▸ **Exercise**: What are the lines, word for word, from the line with "If the result" up to and including the line with "Hey everyone, it's" in the records below? Omit the pictures.
Working data Block Start
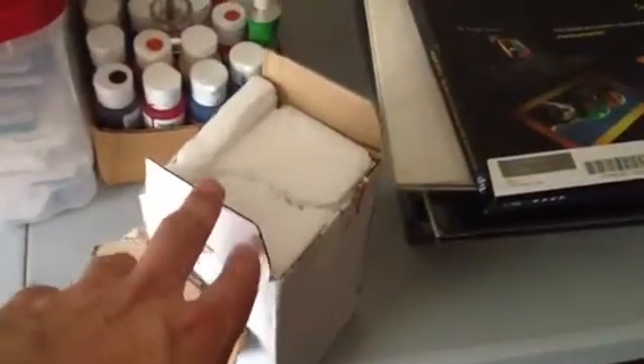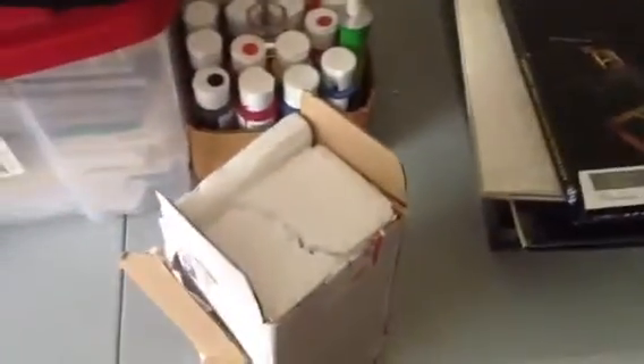I'm gonna show you guys how not to ship a bobblehead. This guy literally shipped the bobblehead in the original box, and this is how I got it in the mail just a few minutes ago. It was already open — the top was open, this was all open like that, with the bobblehead sticking out.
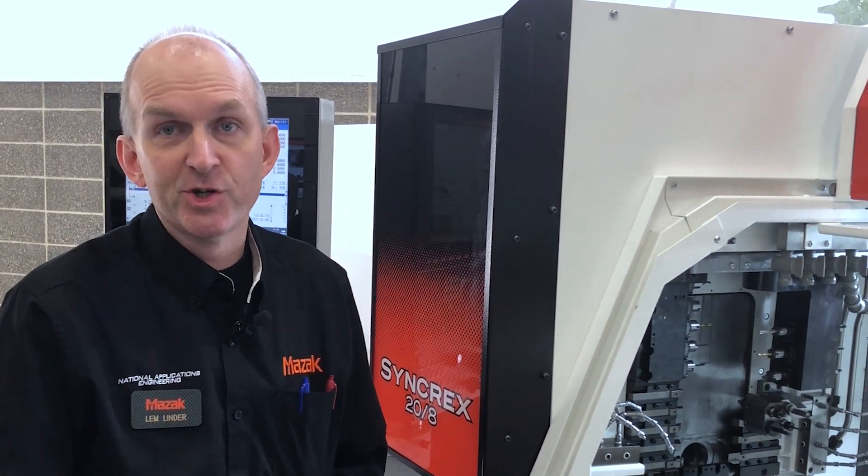Syncrex machines in the Swiss machine market are typically high volume production machines — you set them up, you run a long time, a lot of parts. Mazak has a long history in multitasking, short runs of parts, quick setups. So we're going to make the setup of the Swiss machine much quicker by automating the tool-set procedure.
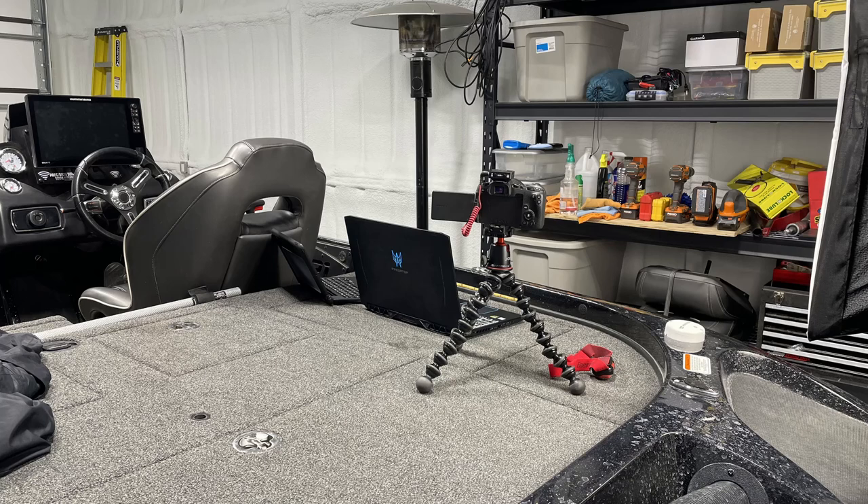By the way, in case you ever need an awesome stand-up desk, the back of a boat works perfectly. But back to the video — the very first tool requires you to know both the head unit model number and the transducer model number. If you have both of those, you plug them in and it gives you that compatibility.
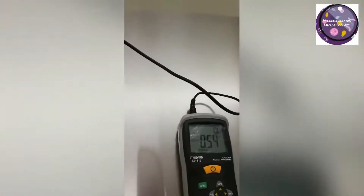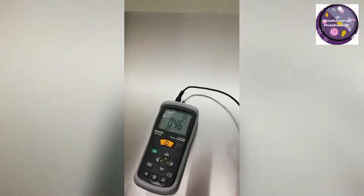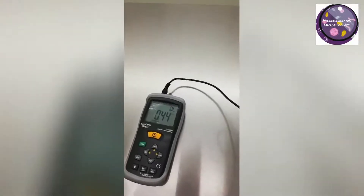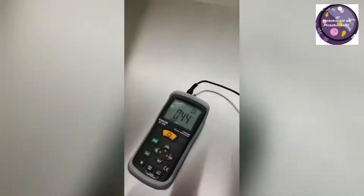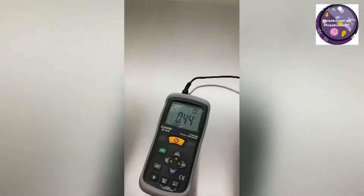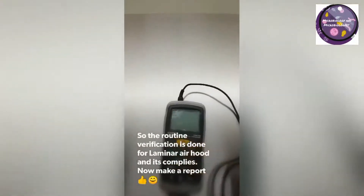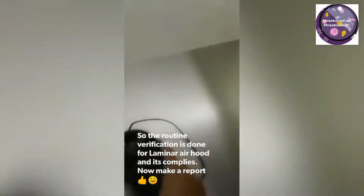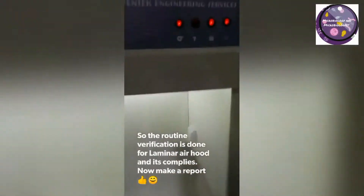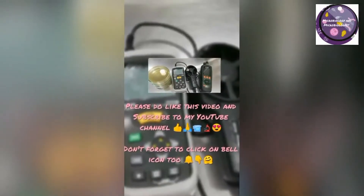If the result is not within the limit, we will submit the report to the engineering department. The routine verification of the laminar airflow hood is now done and it is ready to be used. I will make a final report and submit it to the manager so he knows the laminar airflow hood is compliant for microbial testing.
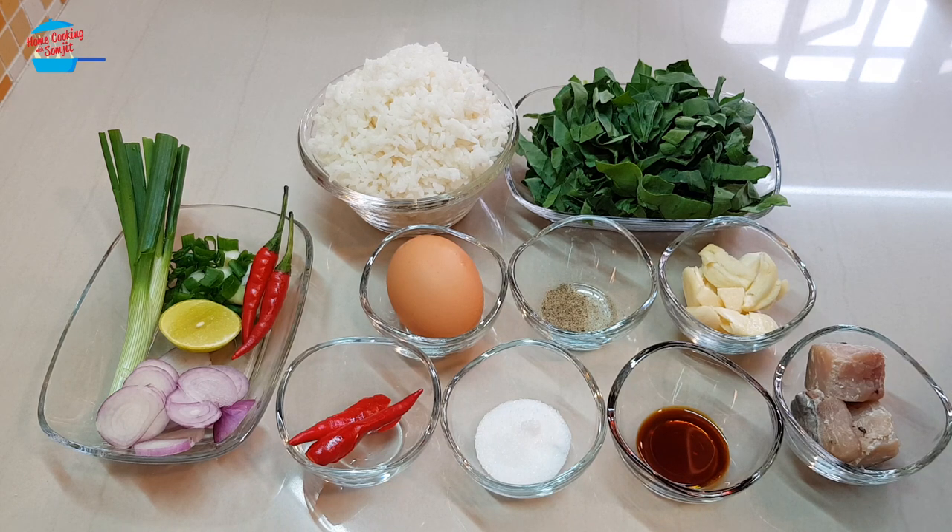Hello, welcome to home cooking with some tips. Today I'm going to cook fried rice for my lunch. I have cooked this dish before, however this time it's with lesser ingredients.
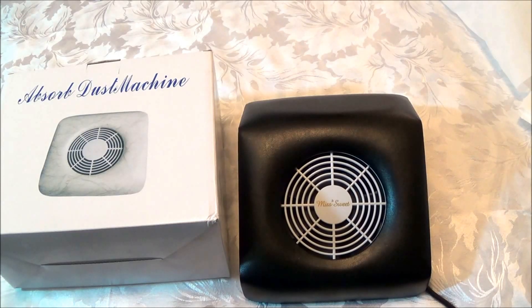Hey everyone, it's your girl Nunu the Hairdiva and I'm back with a requested buy it to try it video. This video was requested by Tasha Beauty Cafe. Please check the end card so you can click on her box, go over to her channel, see what she is all about, and you may even want to leave comments and subscribe. She asked me to let everyone know about this absorb dust machine.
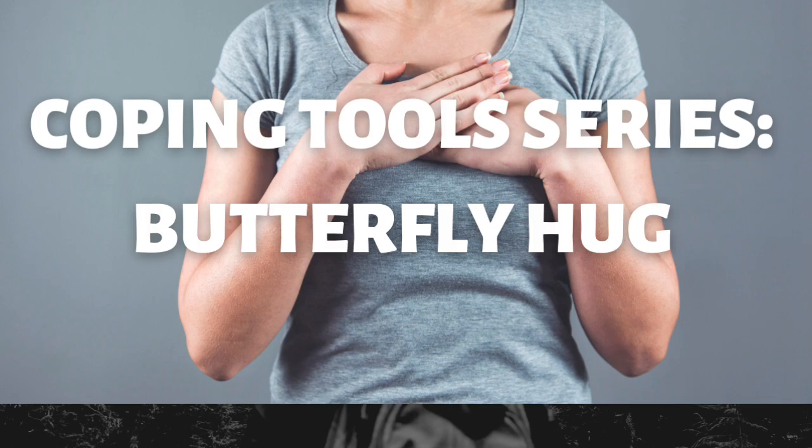Stay here for as long as you'd like. You may return to this whenever you wish, or you may explore other coping tools in this series. You may also consider layering the other tools from this series — for instance, you may use the butterfly hug along with breathing or grounding simultaneously, which may have even more of a calming effect. Thank you for practicing with me today.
Working data Block End
▸ **Exercise answer**:
If the result is not within the limit, we will submit the report to the engineering department. The routine verification of the laminar airflow hood is now done and it is ready to be used. I will make a final report and submit it to the manager so he knows the laminar airflow hood is compliant for microbial testing.
Hello, welcome to home cooking with some tips. Today I'm going to cook fried rice for my lunch. I have cooked this dish before, however this time it's with lesser ingredients.
Hey everyone, it's your girl Nunu the Hairdiva and I'm back with a requested buy it to try it video. This video was requested by Tasha Beauty Cafe. Please check the end card so you can click on her box, go over to her channel, see what she is all about, and you may even want to leave comments and subscribe. She asked me to let everyone know about this absorb dust machine.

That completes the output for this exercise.